-- Opening Marker --
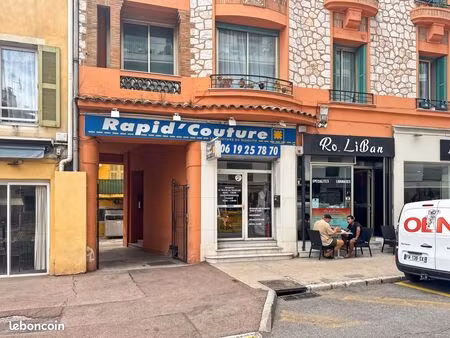 local commercial 12 m²
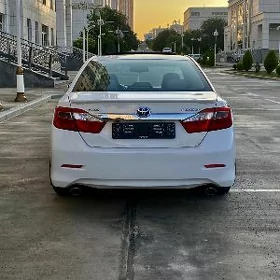 Toyota Camry 2013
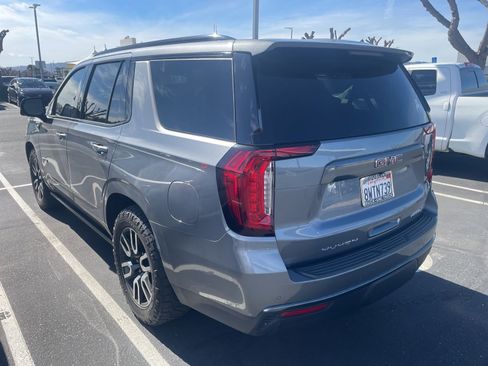 Used 2021 GMC Yukon AT4 w/ AT4 Premium Plus Package image 5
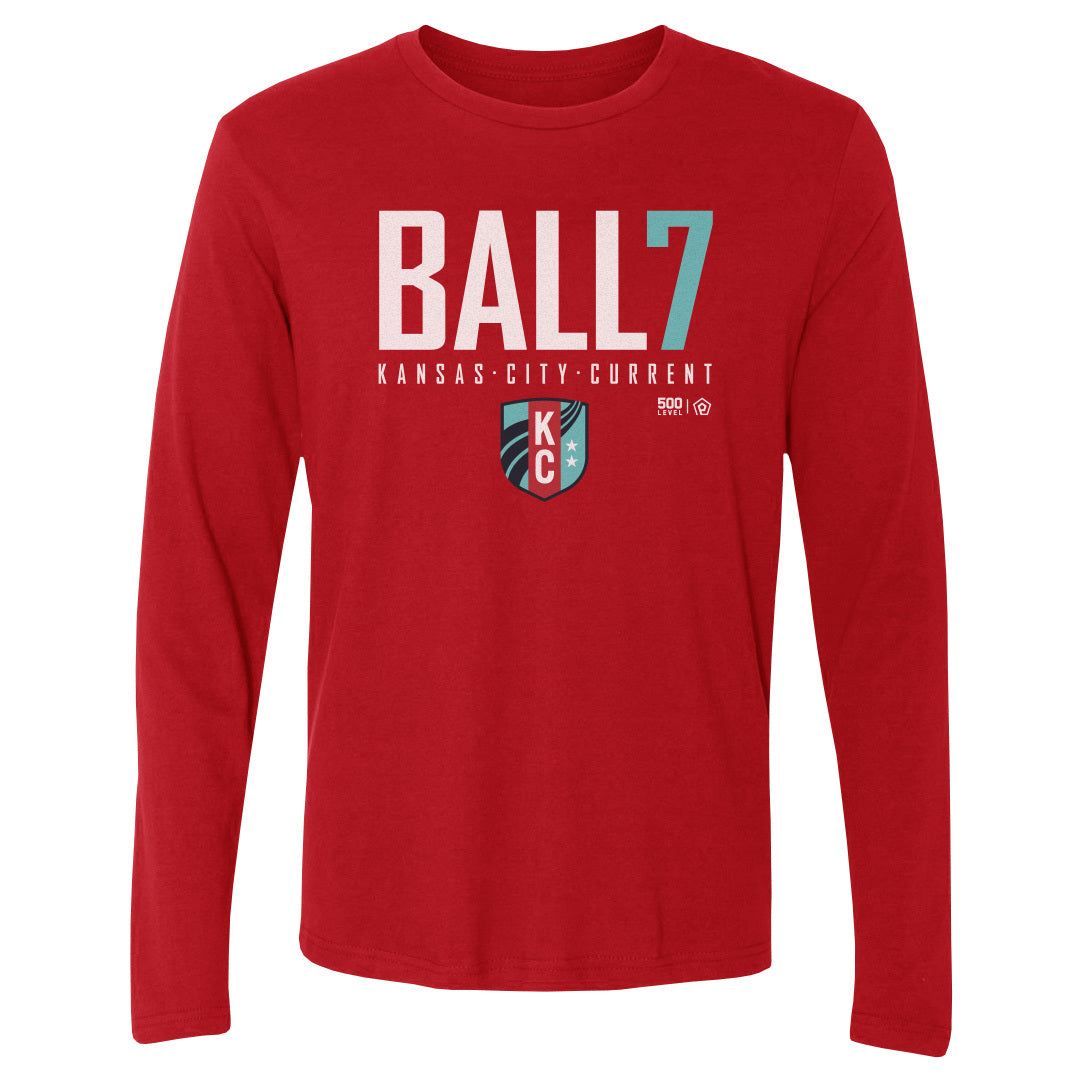Elizabeth Ball Kansas City Current Elite WHT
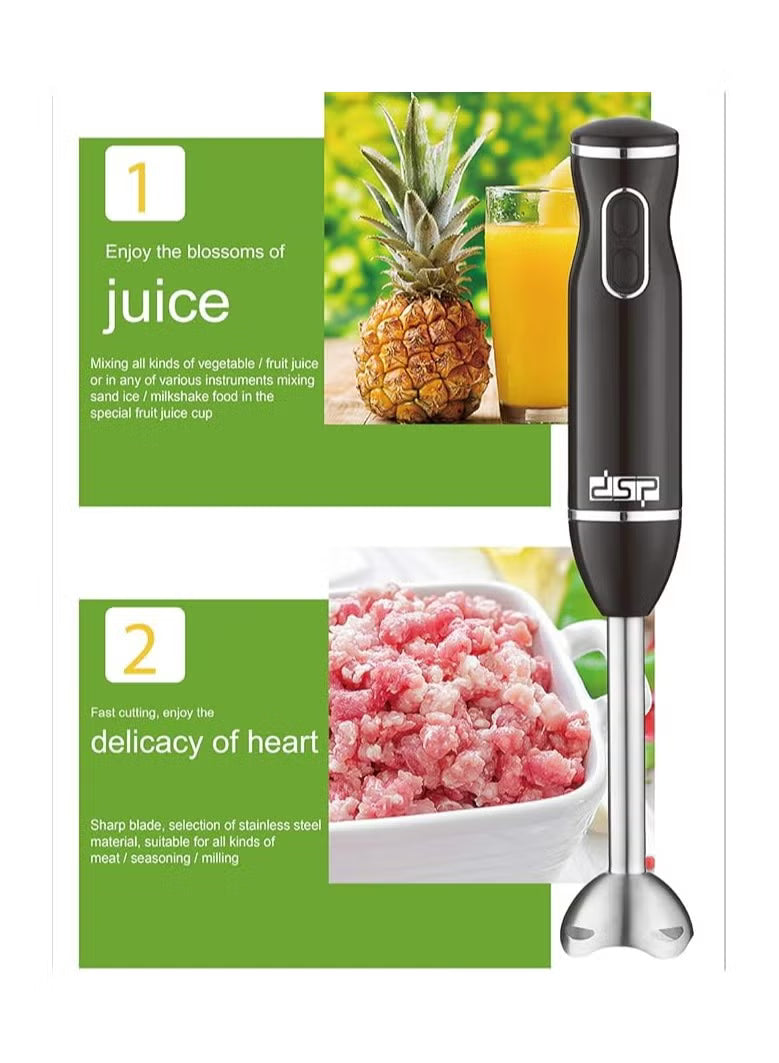 DSP Professional Hand Blender – KM1021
-- Closing Marker --
WORK ITEM:
Print the entries again exactly as they appear above. Do not print the pictures.

ANSWER SPACE:
 local commercial 12 m²
 Toyota Camry 2013
 Used 2021 GMC Yukon AT4 w/ AT4 Premium Plus Package image 5
Elizabeth Ball Kansas City Current Elite WHT
 DSP Professional Hand Blender – KM1021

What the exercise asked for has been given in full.